● Problem to work on
An exact copy of all the data is required, with pictures left out.

● Given data

┏━━

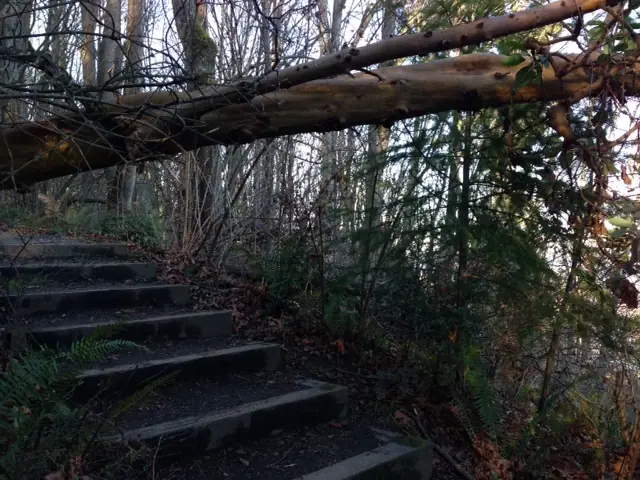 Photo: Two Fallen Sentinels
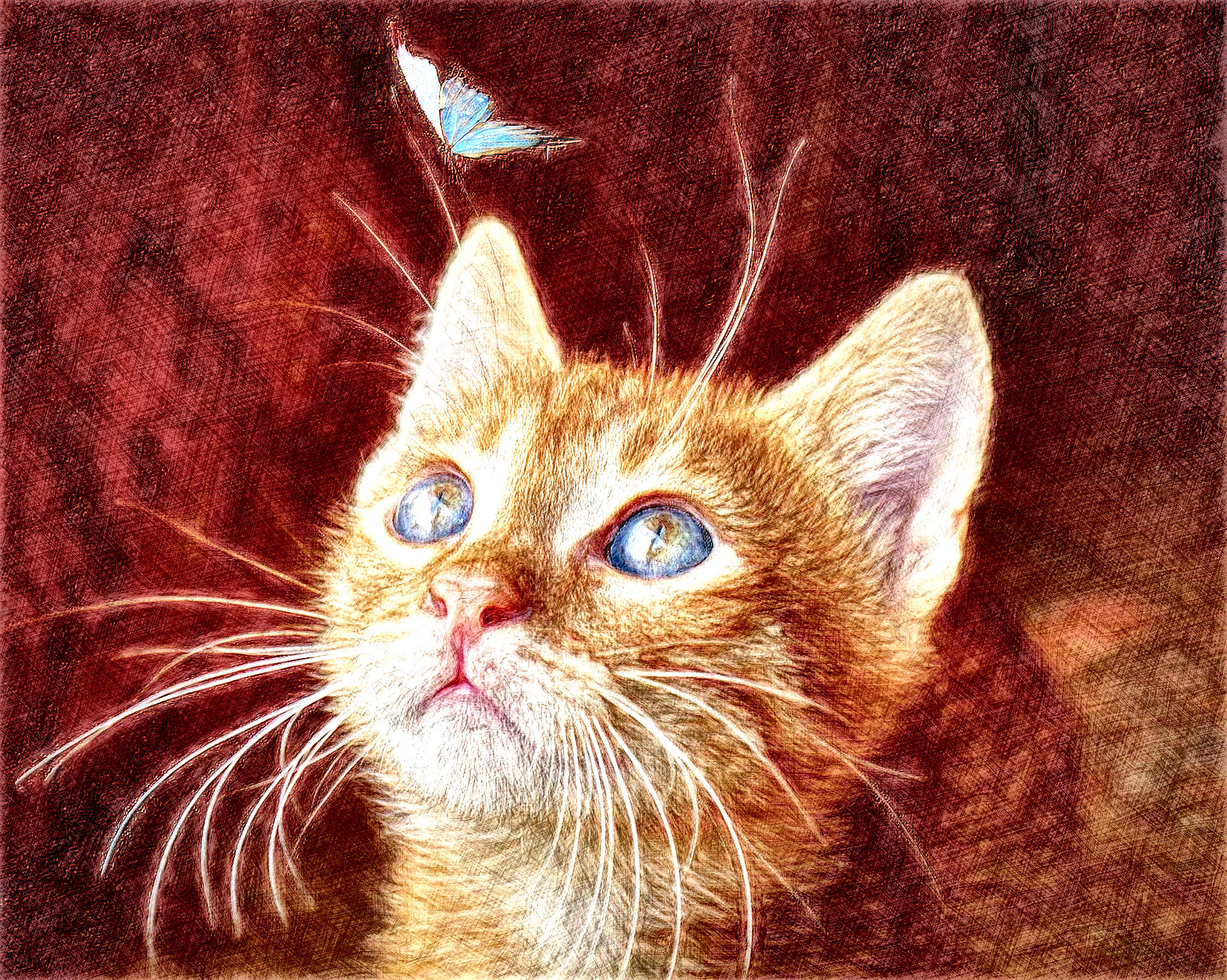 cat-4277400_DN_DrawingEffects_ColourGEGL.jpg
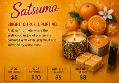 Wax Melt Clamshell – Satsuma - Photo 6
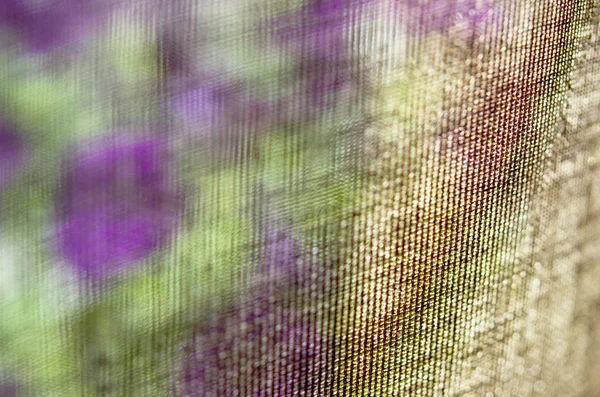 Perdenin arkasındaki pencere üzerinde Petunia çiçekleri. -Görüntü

┗━━

● Result of this task
 Photo: Two Fallen Sentinels
 cat-4277400_DN_DrawingEffects_ColourGEGL.jpg
 Wax Melt Clamshell – Satsuma - Photo 6
 Perdenin arkasındaki pencere üzerinde Petunia çiçekleri. -Görüntü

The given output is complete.